Line by line, retype the material exactly and leave each picture out.

*** Opening SOURCE MATERIAL ***

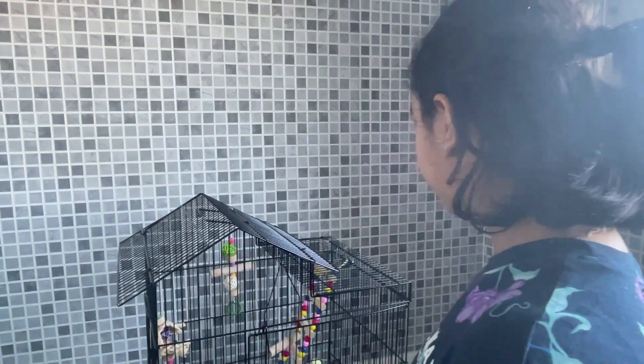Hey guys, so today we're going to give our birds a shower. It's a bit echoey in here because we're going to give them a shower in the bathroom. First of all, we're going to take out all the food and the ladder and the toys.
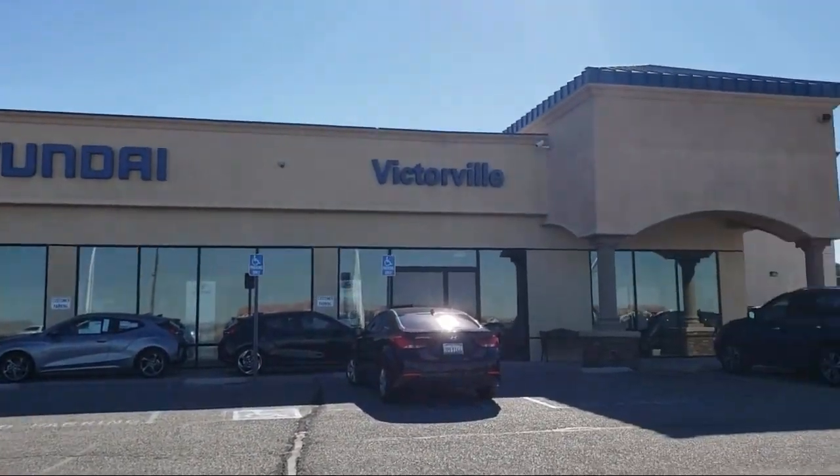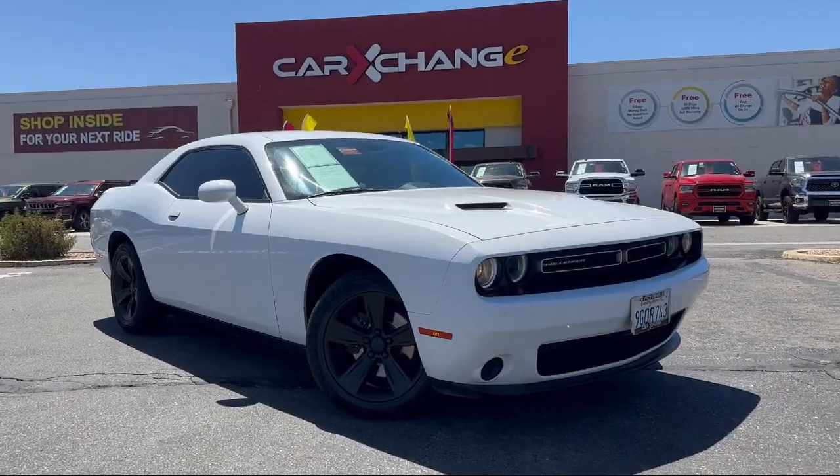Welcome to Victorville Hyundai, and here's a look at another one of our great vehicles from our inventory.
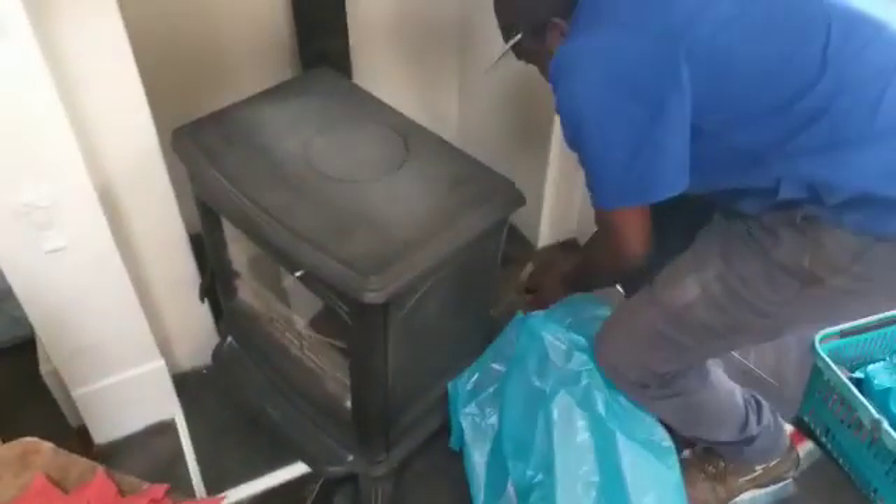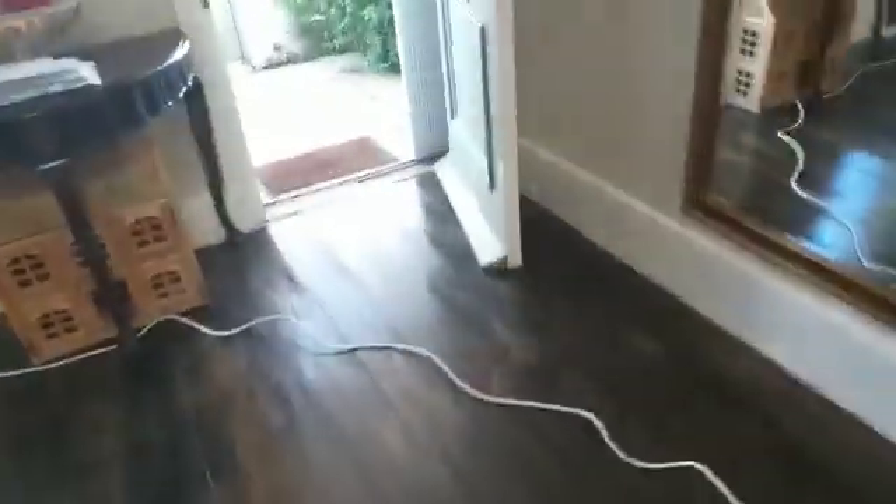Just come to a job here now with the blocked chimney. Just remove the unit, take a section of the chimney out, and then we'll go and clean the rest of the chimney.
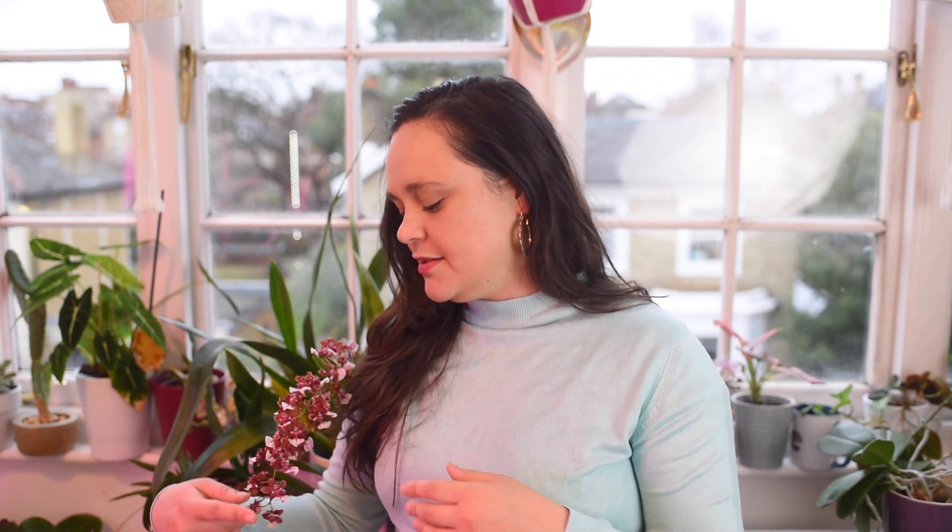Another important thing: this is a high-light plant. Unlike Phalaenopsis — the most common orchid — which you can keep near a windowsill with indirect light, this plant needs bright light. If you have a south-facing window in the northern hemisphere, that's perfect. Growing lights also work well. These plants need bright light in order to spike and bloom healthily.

*** Closing SOURCE MATERIAL ***

== EXERCISE SOLUTION ==
Hey guys, so today we're going to give our birds a shower. It's a bit echoey in here because we're going to give them a shower in the bathroom. First of all, we're going to take out all the food and the ladder and the toys.
Welcome to Victorville Hyundai, and here's a look at another one of our great vehicles from our inventory.
Just come to a job here now with the blocked chimney. Just remove the unit, take a section of the chimney out, and then we'll go and clean the rest of the chimney.
Another important thing: this is a high-light plant. Unlike Phalaenopsis — the most common orchid — which you can keep near a windowsill with indirect light, this plant needs bright light. If you have a south-facing window in the northern hemisphere, that's perfect. Growing lights also work well. These plants need bright light in order to spike and bloom healthily.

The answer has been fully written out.